Diagnóstico
29/05/19
A expressão do médico era tensa, mas não havia rugas de surpresa em sua testa. Ele olhou para os papéis por uma última vez e logo depois para a paciente. Pigarreou.
- Minhas suspeitas foram confirmadas, é exatamente o que eu havia lhe dito.
A paciente pareceu um pouco mais surpresa que ele, como se até aquele momento ainda não estivesse completamente convencida de que estava doente.
A paciente pareceu um pouco mais surpresa que ele, como se até aquele momento ainda não estivesse completamente convencida de que estava doente.
- O senhor pode me explicar de novo como é essa doença?
Ele ajeitou a postura e agarrou a caneta prateada. Adotou um tom de voz afável. Mesmo não sendo a primeira vez que dizia isso, sabia o quanto era necessária a explicação.
- Um bichinho invisível morde a sua pele. No início, você tem a impressão de que é só um comichão passageiro, mas os sintomas retornam de tempos em tempos. Cada paciente desenvolve a doença de uma maneira e por isso, os sintomas são bastante variantes. Dores no peito, um cansaço muscular tão forte que às vezes o paciente não consegue se levantar da cama, náuseas, vômitos, diarréia, falta de ar, além dos sintomas mais comuns: olhos lacrimejando a qualquer momento e narinas congestionadas. Além disso...
Ele deu uma pausa perturbadora. A paciente, impaciente, apressou-o:
- Fale, doutor, eu aguento!
Ele a olhou nos olhos.
- Bom, além de tudo isso, você precisa saber: essa doença pode levar à morte.
Ela levou as mãos à cabeça.
- Por que eu? Entre tanta gente por aí, por que logo eu fui atacada por algo raro assim?
O médico negou com a cabeça veementemente.
- Não, não, não há nada de raro nisso. Essa doença é extremamente comum. Existe desde o início dos tempos, mas nas últimas décadas, sua incidência vem crescendo de um modo alarmante. Com certeza você conhece alguém que também a possui.

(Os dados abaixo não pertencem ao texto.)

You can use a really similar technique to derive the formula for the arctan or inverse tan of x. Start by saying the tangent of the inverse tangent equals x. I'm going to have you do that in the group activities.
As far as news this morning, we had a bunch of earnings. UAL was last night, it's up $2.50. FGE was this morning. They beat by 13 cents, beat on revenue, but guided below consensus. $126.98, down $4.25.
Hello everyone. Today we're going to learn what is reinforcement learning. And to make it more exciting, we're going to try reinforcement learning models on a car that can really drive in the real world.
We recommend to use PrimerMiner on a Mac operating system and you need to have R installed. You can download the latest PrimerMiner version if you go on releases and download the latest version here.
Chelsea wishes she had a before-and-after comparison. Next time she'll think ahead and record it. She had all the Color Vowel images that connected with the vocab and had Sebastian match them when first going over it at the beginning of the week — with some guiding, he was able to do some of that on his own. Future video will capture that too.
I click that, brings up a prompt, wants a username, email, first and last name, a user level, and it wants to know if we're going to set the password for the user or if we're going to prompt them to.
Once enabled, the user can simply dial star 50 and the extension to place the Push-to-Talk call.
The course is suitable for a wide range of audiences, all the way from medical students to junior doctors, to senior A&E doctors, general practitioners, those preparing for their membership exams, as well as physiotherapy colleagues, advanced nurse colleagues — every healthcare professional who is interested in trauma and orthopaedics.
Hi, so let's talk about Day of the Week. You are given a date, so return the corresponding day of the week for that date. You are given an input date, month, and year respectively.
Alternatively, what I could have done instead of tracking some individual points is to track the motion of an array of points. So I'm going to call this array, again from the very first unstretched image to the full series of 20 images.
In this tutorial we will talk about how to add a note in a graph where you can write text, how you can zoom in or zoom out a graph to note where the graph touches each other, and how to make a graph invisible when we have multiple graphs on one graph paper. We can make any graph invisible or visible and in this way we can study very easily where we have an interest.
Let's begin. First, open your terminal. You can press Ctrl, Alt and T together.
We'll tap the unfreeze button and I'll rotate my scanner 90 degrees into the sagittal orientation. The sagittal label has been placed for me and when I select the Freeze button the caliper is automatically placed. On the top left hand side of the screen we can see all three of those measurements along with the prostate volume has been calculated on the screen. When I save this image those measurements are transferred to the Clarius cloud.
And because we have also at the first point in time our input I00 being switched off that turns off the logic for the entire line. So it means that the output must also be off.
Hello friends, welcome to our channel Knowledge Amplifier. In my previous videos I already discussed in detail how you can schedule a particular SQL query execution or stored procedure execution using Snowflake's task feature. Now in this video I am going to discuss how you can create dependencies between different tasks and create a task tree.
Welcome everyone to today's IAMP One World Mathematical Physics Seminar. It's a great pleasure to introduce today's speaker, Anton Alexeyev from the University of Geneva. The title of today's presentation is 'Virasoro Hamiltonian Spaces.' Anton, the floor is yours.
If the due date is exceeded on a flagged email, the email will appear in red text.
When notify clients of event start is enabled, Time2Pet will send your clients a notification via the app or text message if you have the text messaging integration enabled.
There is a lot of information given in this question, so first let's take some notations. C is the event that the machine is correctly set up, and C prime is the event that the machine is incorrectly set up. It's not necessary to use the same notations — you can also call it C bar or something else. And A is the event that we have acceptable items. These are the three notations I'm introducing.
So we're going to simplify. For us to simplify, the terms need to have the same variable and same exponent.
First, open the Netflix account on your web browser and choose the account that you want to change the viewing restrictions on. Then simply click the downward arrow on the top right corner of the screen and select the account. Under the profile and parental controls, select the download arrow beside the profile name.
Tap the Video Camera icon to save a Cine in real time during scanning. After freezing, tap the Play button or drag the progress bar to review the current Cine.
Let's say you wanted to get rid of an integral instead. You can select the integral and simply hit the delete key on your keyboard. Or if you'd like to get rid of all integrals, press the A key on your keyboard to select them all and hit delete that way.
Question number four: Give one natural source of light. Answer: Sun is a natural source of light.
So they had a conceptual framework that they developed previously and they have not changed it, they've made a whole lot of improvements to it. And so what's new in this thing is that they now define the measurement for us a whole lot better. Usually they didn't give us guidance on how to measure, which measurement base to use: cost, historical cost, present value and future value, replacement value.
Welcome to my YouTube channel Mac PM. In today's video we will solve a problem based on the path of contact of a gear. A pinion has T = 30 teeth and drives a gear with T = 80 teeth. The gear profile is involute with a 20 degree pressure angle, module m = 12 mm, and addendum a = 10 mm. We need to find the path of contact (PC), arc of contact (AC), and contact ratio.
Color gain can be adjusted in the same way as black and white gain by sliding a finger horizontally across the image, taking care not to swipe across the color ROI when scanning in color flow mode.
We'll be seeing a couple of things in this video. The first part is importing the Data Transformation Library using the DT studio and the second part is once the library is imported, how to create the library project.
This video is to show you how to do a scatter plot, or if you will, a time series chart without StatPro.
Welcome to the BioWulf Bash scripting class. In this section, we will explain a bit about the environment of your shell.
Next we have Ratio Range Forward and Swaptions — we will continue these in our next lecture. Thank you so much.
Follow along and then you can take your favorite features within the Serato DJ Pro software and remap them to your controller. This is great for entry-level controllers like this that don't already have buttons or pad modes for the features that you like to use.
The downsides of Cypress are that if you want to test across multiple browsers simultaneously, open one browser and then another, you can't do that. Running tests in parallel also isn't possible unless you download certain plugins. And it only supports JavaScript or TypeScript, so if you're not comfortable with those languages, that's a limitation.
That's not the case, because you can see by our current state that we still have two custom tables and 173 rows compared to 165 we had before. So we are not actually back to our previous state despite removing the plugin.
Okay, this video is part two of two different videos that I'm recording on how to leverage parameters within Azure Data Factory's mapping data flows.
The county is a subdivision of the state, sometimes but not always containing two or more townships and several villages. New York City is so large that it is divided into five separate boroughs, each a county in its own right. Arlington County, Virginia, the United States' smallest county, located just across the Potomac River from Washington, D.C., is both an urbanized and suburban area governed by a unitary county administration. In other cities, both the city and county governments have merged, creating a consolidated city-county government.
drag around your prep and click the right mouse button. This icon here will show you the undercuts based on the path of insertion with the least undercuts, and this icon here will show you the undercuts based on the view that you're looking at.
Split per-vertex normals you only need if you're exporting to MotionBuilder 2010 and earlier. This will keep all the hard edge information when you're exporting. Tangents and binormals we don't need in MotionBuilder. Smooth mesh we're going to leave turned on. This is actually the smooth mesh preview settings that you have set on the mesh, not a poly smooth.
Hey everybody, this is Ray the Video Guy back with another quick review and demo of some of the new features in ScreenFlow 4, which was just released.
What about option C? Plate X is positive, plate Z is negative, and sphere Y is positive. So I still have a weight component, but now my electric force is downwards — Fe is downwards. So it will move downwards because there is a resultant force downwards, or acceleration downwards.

A paciente franziu a testa.
- Não, doutor, acho que eu sou a primeira vítima que conheço.
Ele quase sorriu, com pena.
- É claro que ninguém te contou que também é portador. Ninguém fala sobre essa doença. Talvez nem você fale sobre ela. É algo que os outros não acreditam muito que realmente exista.
- Como assim, não acreditam? Os sintomas são muito visíveis, o senhor mesmo disse que às vezes o paciente não consegue nem mesmo se levantar da cama.
- Sim, mas vão dizer simplesmente que você é preguiçosa. Ou que está inventando histórias para chamar a atenção, fazendo um drama.
- Mas e as náuseas, os olhos lacrimejando, a perda de peso?
- Tudo drama. É o que vão dizer.
- Mas e os casos de morte???
Ele deu de ombros.
- Tentativa de chamar a atenção.
- Doutor, como eu faço para acreditarem em mim, para me levarem a sério?
Ele pousou a caneta e o olhar. Soltou um suspiro alto.
- Essa resposta eu infelizmente não tenho. Apesar de atingir mais e mais pessoas a cada dia, a DPRSS ainda não é aceita por todos. Até mesmo quem a possui, muitas vezes aponta o dedo para os outros e diz que eles não a têm, que o caso deles é apenas frescura mesmo. Alguns doentes preferem esconder que são portadores. Outros tentam pedir a ajuda de familiares e amigos, mas são isolados do convívio de todos. Sinto muito, eu tenho o tratamento apenas para a doença. O julgamento alheio ainda não tem cura.